Excerpt from The Compression Session
This tuesday I had the opportunity to meet Kalen Delaney and hear her talk about the new compression algorithms in SQL Server 2008.
For those of you that never have met Kalen, I can tell she is a sweet lady, knowledgable and interesting to listen to.
With SQL Server 2005 SP2, the new VARDECIMAL datatype arrived, with a few stored procedures to calculate eventual savings. This turned out to be a subset for the ROW and PAGE compressions available in SQL Server 2008, Enterprise Edition. You can have ROW compression only if you want, but if you choose PAGE compression you also get ROW compression.

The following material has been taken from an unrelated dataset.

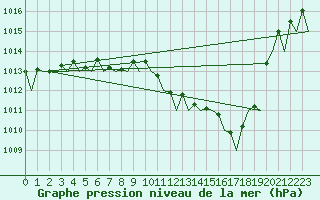 Courbe de la pression atmosphrique pour Grenchen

Example: See this PAGE records (sizes are shown without the overhead for storing varchar data).
Col1 Col2
Record1 ABCD CHOCO 4+5 bytes = 9 bytes
Record2 ABCRD CHALK 5+5 bytes = 10 bytes
Record3 ABCDE CHORD 5+5 bytes = 10 bytes
Record4 DE CHOOSE 2+6 bytes = 8 bytes
Record5 QWERTY DE 5+2 bytes = 7 bytes
= 45 bytes
What happens first is that every page gets a new type of record, an anchor record. The anchor record is the longest most frequent data for every column.
Col1 Col2
AncRec ABCDE CHO 5+3 bytes = 8 bytes
Record1 4 3CO 1+3 bytes = 4 bytes
Record2 3RD 2ALK 3+4 bytes = 7 bytes
Record3 5 3RD 1+3 bytes = 4 bytes
Record4 0DE 3OSE 3+4 bytes = 7 bytes
Record5 0QWERTY 0DE 7+3 bytes = 10 bytes
= 40 bytes
As you can see, the ROW compression step looks at the complete page and looks for the longest common data and puts that in an anchor record. Then the first byte of every record and columns get a value for how many characters of the prefix that match. With a better example I could have shown that the savings could be as much as 80 or 90 percent.
What happens next? SQL Server 2008 then tries to apply a dictionary algorithm. It looks at all the new values for the records in the page and creates a dictionary (up to about 300 items for now).
Dict D1 = 0DE, D2 = 3RD
Col1 Col2
AncRec ABCDE CHO 5+3 bytes = 8 bytes
Record1 4 3CO 1+3 bytes = 4 bytes
Record2 D2 2ALK 1+4 bytes = 5 bytes
Record3 5 D2 1+1 bytes = 2 bytes
Record4 D1 3OSE 1+4 bytes = 5 bytes
Record5 0QWERTY D1 7+1 bytes = 8 bytes
= 32 bytes
As you can see, the space has gone from 45 bytes down to 32 bytes, almost 25% savings! The tradeoff, of course, is a small overhead of CPU usage to compress and decompress the data on disk. In memory the pages are always decompressed.
There is also a threshold. Pages are always compressed but later evaluated if the savings are big enough to stay compressed. If the savings are not big enough, the page stays uncompressed, even if you have choosen compression.
And the compression only occurs when a page is full. When a pagesplit occurs, the new page inherits same anchor record.
This is the essentials of Karen's Compression Session, a new chapter in her next book!
The new BACKUP compressions later applies a kind of ZIP compression which also deals with suffixes, so the savings on backups would be even more!
Legacy Comments
Casual Observer
2008-10-09 |
re: Excerpt from The Compression Session Nice explanation. Thank you :) |
Saggi Neumann
2008-10-13 |
re: Excerpt from The Compression Session Hey mate, "As you can see, the ROW compression step looks at the complete page" - did you mean prefix compress (the 2nd phase in page compression)? Cheers, S. Neumann |